China and the U.S. have been engaged in economic and trade negotiations since February 2018.  While it is encouraging that Chairman Xi and President Trump have agreed to restart discussions to resolve the trade conflict during the G20 summit,  the direction of the trade tensions between China and the U.S. seems likely to remain uncertain at least in the short term.4

 

Merger Filings in China under the China-U.S. Tensions

In spite of the escalating tensions, our general observation is that no undue delay has been caused during the merger control review in China purely because of political factors or the national identity of a U.S. company.  In fact, from March 22, 2018 to June 14, 2019, 96 cases involving U.S. companies, including a number of high-profile cases (e.g. Walt Disney / 21 Century Fox) have been unconditionally approved by MOFCOM (acting in the pre-SAMR period)/State Administration for Market Regulation (“SAMR”).

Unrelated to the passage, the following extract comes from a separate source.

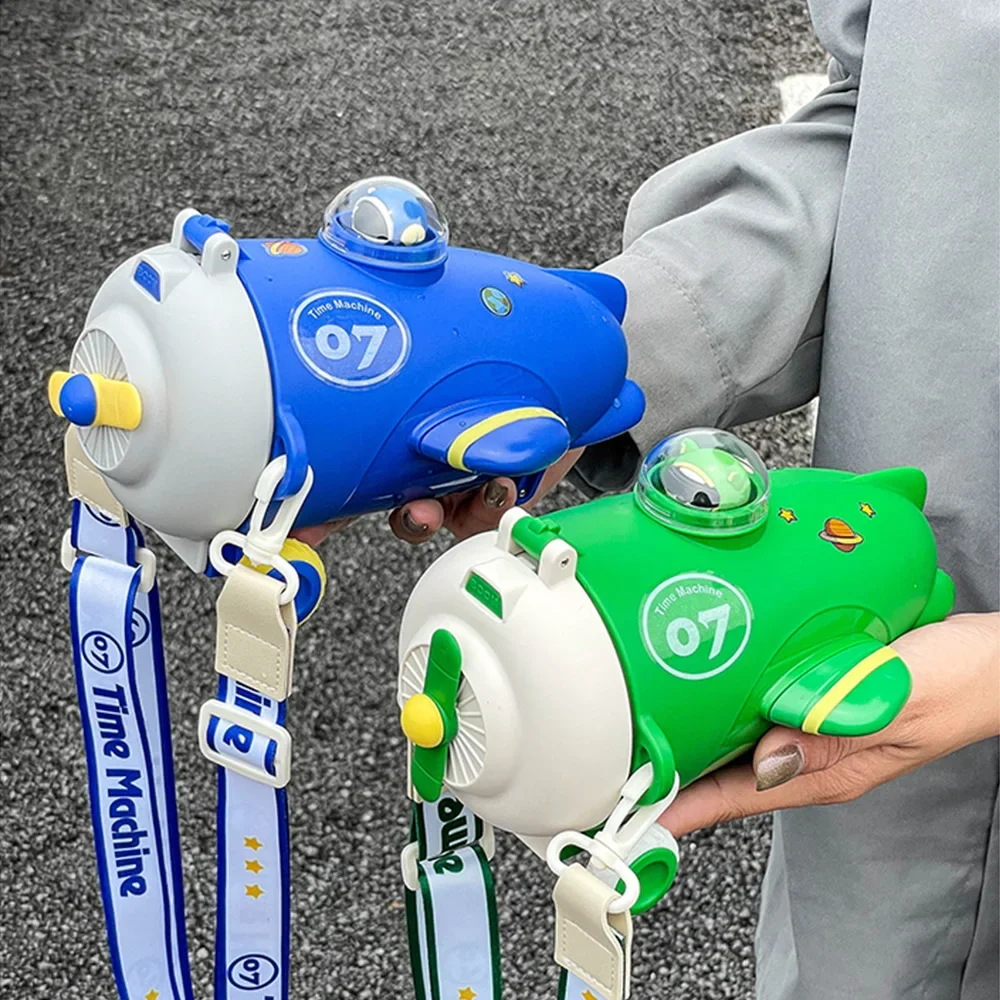 Cute Kids Airplane Tritan Water Bottle For School Kindergarten Boys Girl Creative Toy Straw Cup Portable Drop Proof Water Bottle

However, it is interesting to note that statistically, since the start of the China-U.S. trade tensions, the review time for transactions which involved U.S. companies has been longer than the review time for all transactions (regardless of whether U.S. companies were involved)  (as shown in Graph 1 below). The reasons for the longer reviewing time are not clear – it may simply be because U.S. companies are involved in more complex transactions.  However, under the background of the China U.S. trade war, it should not be a surprise if SAMR takes a more cautious attitude when reviewing transactions involving US companies, especially considering the China U.S. trade war may cause uncertainties to the market structure.  For instance, if a U. S. company is proposing to acquire a Germany company, and the U.S. company is in a sensitive industry and could potentially cut off supply to the Chinese market, SAMR would need to carefully examine the potential impact of the transaction to Chinese manufactures and customers and thus take a longer time to review the transaction.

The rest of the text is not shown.